## WORK ITEM
The records below need to be copied in full. Match them exactly.

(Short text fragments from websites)
^^^^^^^^^^^^^^^^

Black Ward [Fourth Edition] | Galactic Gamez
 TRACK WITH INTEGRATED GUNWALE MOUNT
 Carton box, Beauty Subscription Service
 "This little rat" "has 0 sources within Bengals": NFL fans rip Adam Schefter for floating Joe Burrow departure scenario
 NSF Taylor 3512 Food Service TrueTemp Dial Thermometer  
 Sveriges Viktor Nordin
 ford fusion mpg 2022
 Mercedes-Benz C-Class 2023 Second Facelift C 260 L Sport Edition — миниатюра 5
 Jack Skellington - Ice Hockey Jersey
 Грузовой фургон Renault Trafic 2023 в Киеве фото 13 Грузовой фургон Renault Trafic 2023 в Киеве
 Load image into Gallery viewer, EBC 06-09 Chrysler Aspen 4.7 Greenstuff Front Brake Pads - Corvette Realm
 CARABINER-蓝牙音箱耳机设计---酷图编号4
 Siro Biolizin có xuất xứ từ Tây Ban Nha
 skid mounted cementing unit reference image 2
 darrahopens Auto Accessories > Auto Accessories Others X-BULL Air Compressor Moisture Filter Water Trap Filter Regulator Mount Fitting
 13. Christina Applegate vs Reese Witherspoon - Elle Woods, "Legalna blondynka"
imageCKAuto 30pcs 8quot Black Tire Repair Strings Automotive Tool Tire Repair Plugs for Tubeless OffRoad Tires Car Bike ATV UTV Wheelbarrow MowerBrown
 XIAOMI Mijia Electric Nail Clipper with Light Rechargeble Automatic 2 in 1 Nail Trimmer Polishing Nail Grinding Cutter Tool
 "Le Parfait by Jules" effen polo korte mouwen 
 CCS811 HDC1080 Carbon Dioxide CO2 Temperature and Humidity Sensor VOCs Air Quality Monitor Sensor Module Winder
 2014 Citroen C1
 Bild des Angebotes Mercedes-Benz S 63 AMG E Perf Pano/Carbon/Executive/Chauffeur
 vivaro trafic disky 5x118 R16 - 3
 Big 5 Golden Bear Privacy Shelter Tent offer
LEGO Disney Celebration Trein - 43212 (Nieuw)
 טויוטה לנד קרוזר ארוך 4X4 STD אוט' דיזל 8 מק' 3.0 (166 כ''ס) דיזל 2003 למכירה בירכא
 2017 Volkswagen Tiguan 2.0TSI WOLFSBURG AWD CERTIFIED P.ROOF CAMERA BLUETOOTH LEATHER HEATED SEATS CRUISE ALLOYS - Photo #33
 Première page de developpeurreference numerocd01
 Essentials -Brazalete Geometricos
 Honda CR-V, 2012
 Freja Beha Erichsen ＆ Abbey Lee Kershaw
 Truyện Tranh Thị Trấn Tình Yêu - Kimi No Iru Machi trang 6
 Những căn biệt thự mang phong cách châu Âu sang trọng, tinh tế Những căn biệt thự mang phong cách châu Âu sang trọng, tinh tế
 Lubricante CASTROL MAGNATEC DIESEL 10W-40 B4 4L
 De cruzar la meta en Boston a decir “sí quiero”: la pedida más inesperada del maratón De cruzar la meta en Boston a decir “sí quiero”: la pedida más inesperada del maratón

^^^^^^^^^^^^^^^^

## ANSWER SPACE
Black Ward [Fourth Edition] | Galactic Gamez
 TRACK WITH INTEGRATED GUNWALE MOUNT
 Carton box, Beauty Subscription Service
 "This little rat" "has 0 sources within Bengals": NFL fans rip Adam Schefter for floating Joe Burrow departure scenario
 NSF Taylor 3512 Food Service TrueTemp Dial Thermometer  
 Sveriges Viktor Nordin
 ford fusion mpg 2022
 Mercedes-Benz C-Class 2023 Second Facelift C 260 L Sport Edition — миниатюра 5
 Jack Skellington - Ice Hockey Jersey
 Грузовой фургон Renault Trafic 2023 в Киеве фото 13 Грузовой фургон Renault Trafic 2023 в Киеве
 Load image into Gallery viewer, EBC 06-09 Chrysler Aspen 4.7 Greenstuff Front Brake Pads - Corvette Realm
 CARABINER-蓝牙音箱耳机设计---酷图编号4
 Siro Biolizin có xuất xứ từ Tây Ban Nha
 skid mounted cementing unit reference image 2
 darrahopens Auto Accessories > Auto Accessories Others X-BULL Air Compressor Moisture Filter Water Trap Filter Regulator Mount Fitting
 13. Christina Applegate vs Reese Witherspoon - Elle Woods, "Legalna blondynka"
imageCKAuto 30pcs 8quot Black Tire Repair Strings Automotive Tool Tire Repair Plugs for Tubeless OffRoad Tires Car Bike ATV UTV Wheelbarrow MowerBrown
 XIAOMI Mijia Electric Nail Clipper with Light Rechargeble Automatic 2 in 1 Nail Trimmer Polishing Nail Grinding Cutter Tool
 "Le Parfait by Jules" effen polo korte mouwen 
 CCS811 HDC1080 Carbon Dioxide CO2 Temperature and Humidity Sensor VOCs Air Quality Monitor Sensor Module Winder
 2014 Citroen C1
 Bild des Angebotes Mercedes-Benz S 63 AMG E Perf Pano/Carbon/Executive/Chauffeur
 vivaro trafic disky 5x118 R16 - 3
 Big 5 Golden Bear Privacy Shelter Tent offer
LEGO Disney Celebration Trein - 43212 (Nieuw)
 טויוטה לנד קרוזר ארוך 4X4 STD אוט' דיזל 8 מק' 3.0 (166 כ''ס) דיזל 2003 למכירה בירכא
 2017 Volkswagen Tiguan 2.0TSI WOLFSBURG AWD CERTIFIED P.ROOF CAMERA BLUETOOTH LEATHER HEATED SEATS CRUISE ALLOYS - Photo #33
 Première page de developpeurreference numerocd01
 Essentials -Brazalete Geometricos
 Honda CR-V, 2012
 Freja Beha Erichsen ＆ Abbey Lee Kershaw
 Truyện Tranh Thị Trấn Tình Yêu - Kimi No Iru Machi trang 6
 Những căn biệt thự mang phong cách châu Âu sang trọng, tinh tế Những căn biệt thự mang phong cách châu Âu sang trọng, tinh tế
 Lubricante CASTROL MAGNATEC DIESEL 10W-40 B4 4L
 De cruzar la meta en Boston a decir “sí quiero”: la pedida más inesperada del maratón De cruzar la meta en Boston a decir “sí quiero”: la pedida más inesperada del maratón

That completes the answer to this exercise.